Aggregate Component

Aggregate Component

This component works by grouping together multiple input rows into a single output row. Input columns can be added to the groupings, or have an aggregation applied to them.

Default output names are chosen by combining the source column name and the aggregation type. If they are not appropriate, consider using a Rename Component immediately after this component to choose more appropriate names.

Properties

Property Setting Description
Name Text The descriptive name for the component.
Groupings Columns One or more source columns that form the groupings.
The output flow will contain one row for each distinct combinations of values within the grouping columns.
Aggregations Source Column The input column for the summary function (the summary function is the aggregation type).
Aggregation Type You can add the same source column multiple times each with a different aggregation type. The summary is calculated for each combination of the source column values.
Min: Find the Minimum value of the source column.
Max: Find the Maximum value of the source column.
Count: Count the records whose source column is not null.
Count Distinct: Count the distinct values of the source column.
Approximate Count: This is variant of Count Distinct that may have better performance in cases where an exact count is not required.
See the Redshift Documentation for more details.

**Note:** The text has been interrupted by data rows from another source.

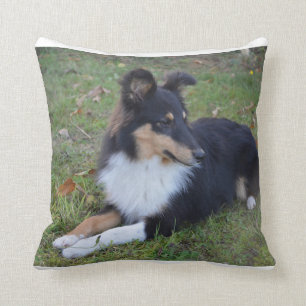 shet shp black white tan laying full throw pillow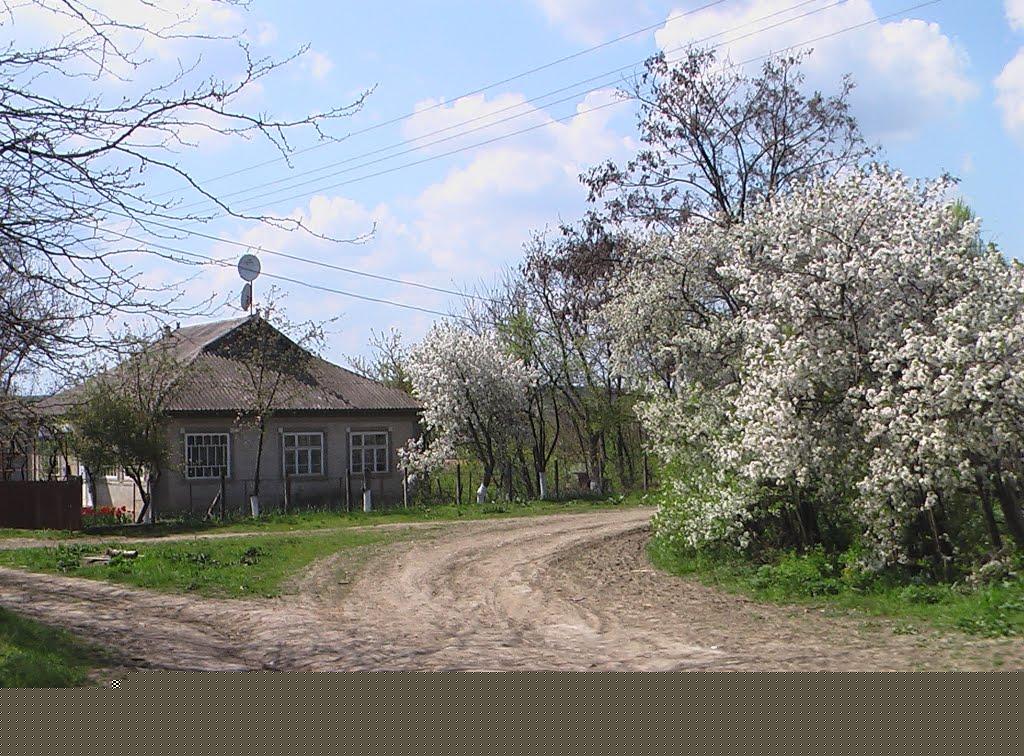 Грибова Рудня з panoramio.com - Грибова Рудня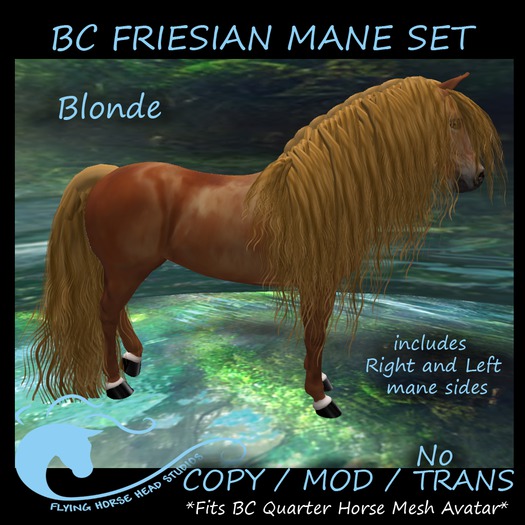 BC QH Friesian Mane- Blonde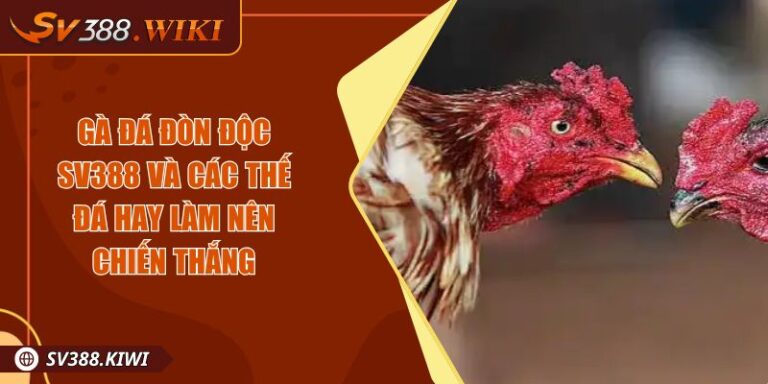 Gà Đá Đòn Độc SV388 Và Các Thế Đá Hay Làm Nên Chiến Thắng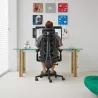Chaise Ergonomique LIBERNOVO Omni Gen 48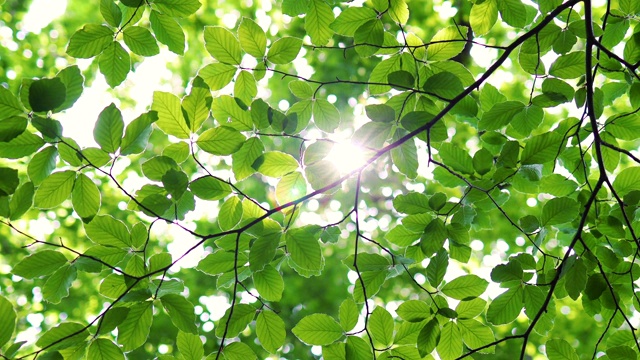 阳光穿过森林里的树叶视频素材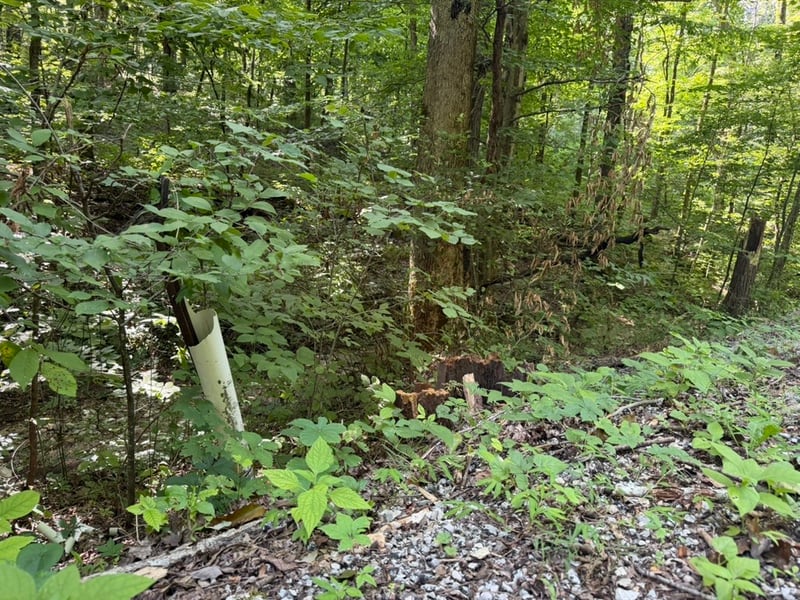 Roy Thompson, Mount Pleasant, TN 38474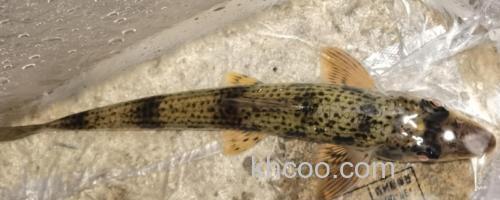 湖南吻鮈是什么鱼？_0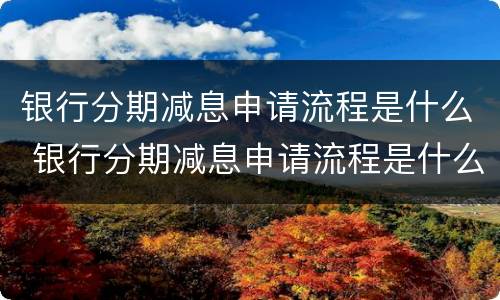 银行分期减息申请流程是什么 银行分期减息申请流程是什么意思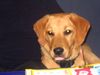 Labrador Retriever Hund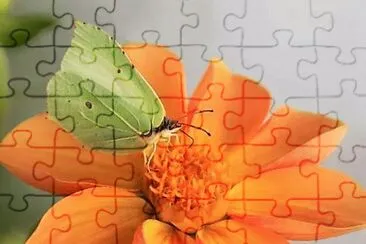 flores jigsaw puzzle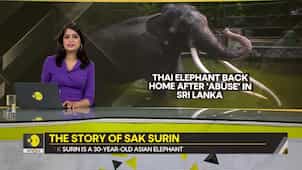 Gravitas: Sak Surin: Jumbo gifted to Sri Lanka returns to Thailand after 2 decades of abuse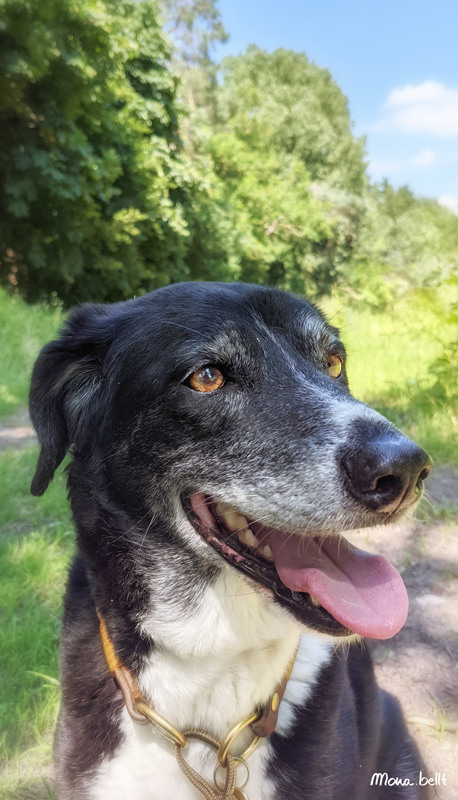 Hunde schwitzen beim Hecheln über die Zunge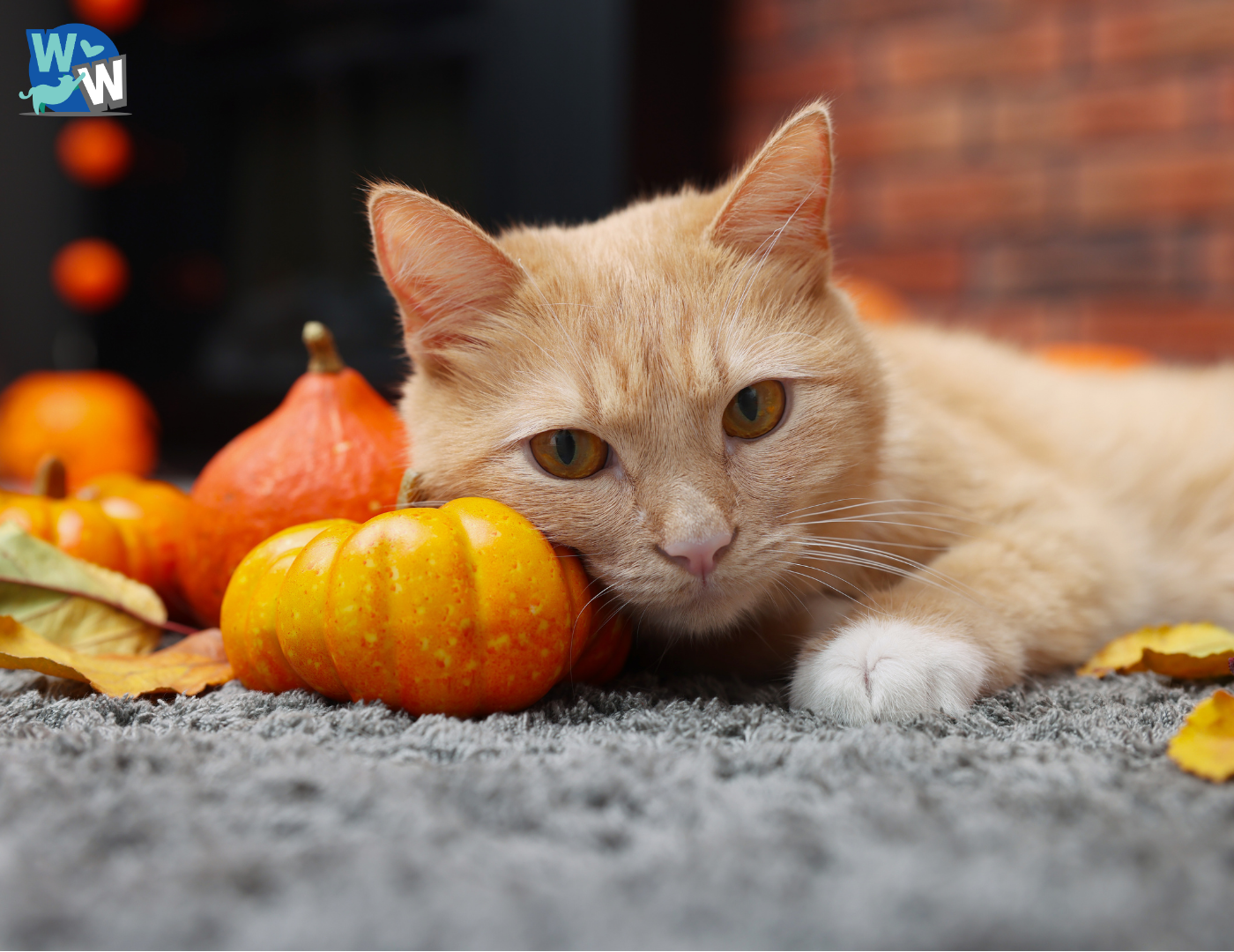 Orange cat laying down rubbing its face against a small orange pumpkin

Sum: Sum the values in the source column. This is only sensible for numeric source columns.
Average: Average the values in the source column. This is only sensible for numeric source columns.
Standard Deviation (Sample): Calculates the sample standard deviation of the source column. This is only sensible for numeric source columns.
Standard Deviation (Population): Calculates the population standard deviation of the source column. This is only sensible for numeric source columns.
Variance (Sample): Calculates the sample variance of the source column. This is only sensible for numeric source columns.
Variance (Population): Calculates the population variance of the source column. This is only sensible for numeric source columns.
For more information on the Aggregation Types, see the Redshift Documentation.
For more information on Aggregation functions in BigQuery, see the official documentation.

Strategy

Generates summary (aggregate) functions along with a group-by clause.

Example

This job counts the number of flights and totals the distance travelled for each tail number in the input data.

Groupings are set to Tail Number (tailnum).

Aggregations are set to total the distance, and count the records whose flight number is not null.

The sample data confirms that the data is being summarised as expected.